There was a scent beneath it.
Stone.
Mineral.
And something faintly organic.
Not decay.
Presence.
Sound was scarce.
A distant shift of air.
An occasional drop of water.
And beneath it all—
A low, continuous resonance.
So deep it was not always heard.
Only felt.
The caravan master walked ahead without pause.
I followed.
No one guided us.
No one needed to.
We stopped at a platform facing the descending spire.
One of the Dragonkin awaited us there.
Different from the others.
Not in size.
In stillness.
His presence settled into the space rather than occupying it.
When he spoke, the sound carried differently.
Lower.
Layered.
Like more than one voice choosing the same words.

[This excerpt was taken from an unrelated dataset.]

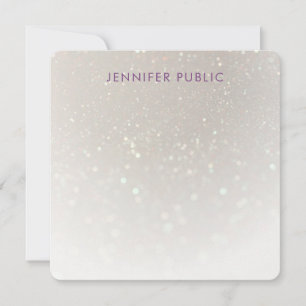 Modelo personalizado personalizado de monograma ma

The caravan master answered him.
In their language.
I understood nothing.
Not a single word.
The sounds were structured, deliberate—
but they did not separate cleanly.
They merged.
As if meaning was not meant to be divided.
They spoke for some time.
Or perhaps not long at all.
Time does not hold well in that place.
I realized, standing there, that I was no longer observing something I might one day understand.
I was witnessing something that did not require understanding.
Only presence.
The spire continued its slow pulse behind them.
The blue flames did not change.
Nothing acknowledged that we were there.
Except the conversation I could not follow.
And the reason I had been allowed to enter.
I remained where I was.
Watching.
Recording.
Without knowing what I was meant to remember.